Il giorno 9/2/2016 12:00:59, Marius Cornea ha scritto:
> On Tue, Feb 9, 2016 at 11:51 AM, Raoul Scarazzini <rasca at redhat.com> wrote:
>> Hi Marius,
>> your assumption is totally right: the external network is going to live
>> just on the controllers.
>>
>> What I don't understand is why it's configured on the compute nodes. My
>> compute.yaml looks like this [1] and as you can see there's no external
>> network declaration and in any case "use_dhcp" is already set to false
>> for the main ovs_bridge. So why is this populating in any case?
> 
> This is because by default the dhcp client will run on the interfaces
> that are not specified in the nic template. The ovs bridge contains
> the em2 interface but in your case the dhcp address gets configured on
> the em1 nic which is not specified in the template. Can you try
> something like this for the compute nic template and see if it allows
> you to continue with the deployment:
> http://paste.openstack.org/show/486385/
> 
> Thanks
> 
>> Many thanks,
>>
>> [1] http://pastebin.test.redhat.com/347199
>>
>> --
>> Raoul Scarazzini
>> rasca at redhat.com
>>
>> Il giorno 9/2/2016 11:36:02, Marius Cornea ha scritto:
>>> Hi Raoul,
>>>
>>> Thanks for the output. Can you confirm what is the purpose of the
>>> 10.1.241.0/24 subnet?
>>>
>>> I'm making an assumption and say that it's used for the external
>>> network. In this case it shouldn't be set on the compute nodes as they
>>> don't require connectivity on that network. I believe it gets
>>> configured via DHCP, I'm not really sure why the connectivity check
>>> fail during validation time. Can you try disabling dhcp for the em1
>>> interface in the compute nic template and see the result? You can add
>>> something like this to the os_net_config network_config:
>>>
>>> -
>>>   type: interface
>>>   name: nic1
>>>   use_dhcp: false
>>>
>>> Thanks,
>>> Marius
>>>
>>> On Tue, Feb 9, 2016 at 7:58 AM, Raoul Scarazzini <rasca at redhat.com> wrote:
>>>> Hi Marius,
>>>> here it is:
>>>>
>>>> # cat /etc/os-net-config/config.json | python -m json.tool
>>>> {
>>>>     "network_config": [
>>>>         {
>>>>             "addresses": [
>>>>                 {
>>>>                     "ip_netmask": "192.0.2.21/24"
>>>>                 }
>>>>             ],
>>>>             "dns_servers": [
>>>>                 "10.1.241.2"
>>>>             ],
>>>>             "members": [
>>>>                 {
>>>>                     "name": "nic2",
>>>>                     "primary": true,
>>>>                     "type": "interface"
>>>>                 },
>>>>                 {
>>>>                     "addresses": [
>>>>                         {
>>>>                             "ip_netmask": "172.17.0.12/24"

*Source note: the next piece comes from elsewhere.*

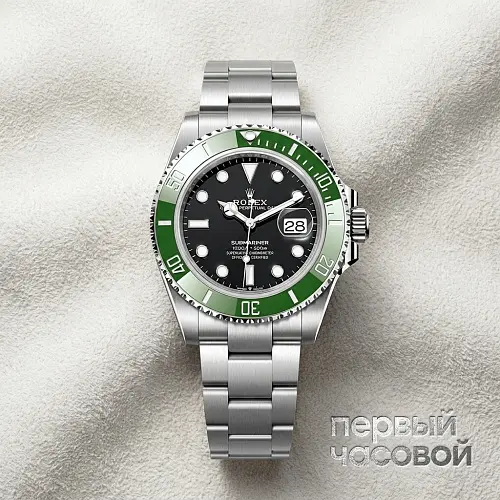 Submariner Date 41Mm Starbucks Mk 2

>>>>                         }
>>>>                     ],
>>>>                     "type": "vlan",
>>>>                     "vlan_id": 2201
>>>>                 },
>>>>                 {
>>>>                     "addresses": [
>>>>                         {
>>>>                             "ip_netmask": "172.18.0.11/24"
>>>>                         }
>>>>                     ],
>>>>                     "type": "vlan",
>>>>                     "vlan_id": 2203
>>>>                 },
>>>>                 {
>>>>                     "addresses": [
>>>>                         {
>>>>                             "ip_netmask": "172.16.0.10/24"

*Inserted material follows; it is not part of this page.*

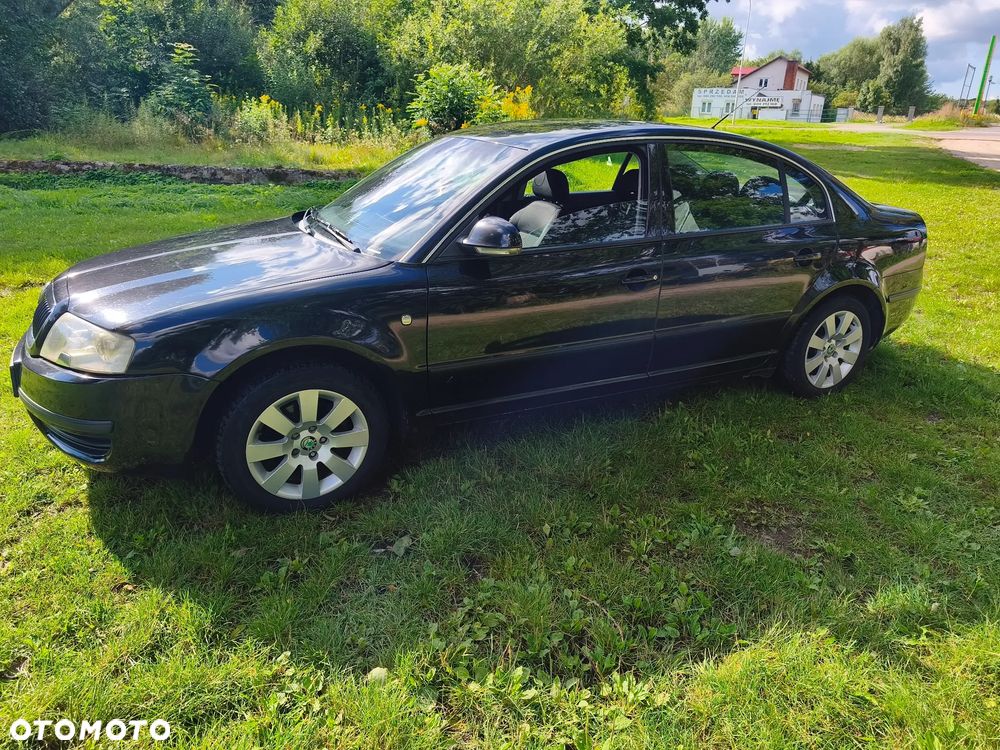 Skoda Superb 1.8T Classic - 3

>>>>                         }
>>>>                     ],
>>>>                     "type": "vlan",
>>>>                     "vlan_id": 2202
>>>>                 }
>>>>             ],
>>>>             "name": "br-ex",
>>>>             "routes": [
>>>>                 {
>>>>                     "ip_netmask": "169.254.169.254/32",
>>>>                     "next_hop": "192.0.2.1"
>>>>                 },
>>>>                 {
>>>>                     "default": true,
>>>>                     "next_hop": "192.0.2.1"
>>>>                 }
>>>>             ],
>>>>             "type": "ovs_bridge",
>>>>             "use_dhcp": false
>>>>         }
>>>>     ]
>>>> }
>>>>
>>>> # ip a
>>>> 1: lo: <LOOPBACK,UP,LOWER_UP> mtu 65536 qdisc noqueue state UNKNOWN
>>>>
>>>>                                       [4/1995]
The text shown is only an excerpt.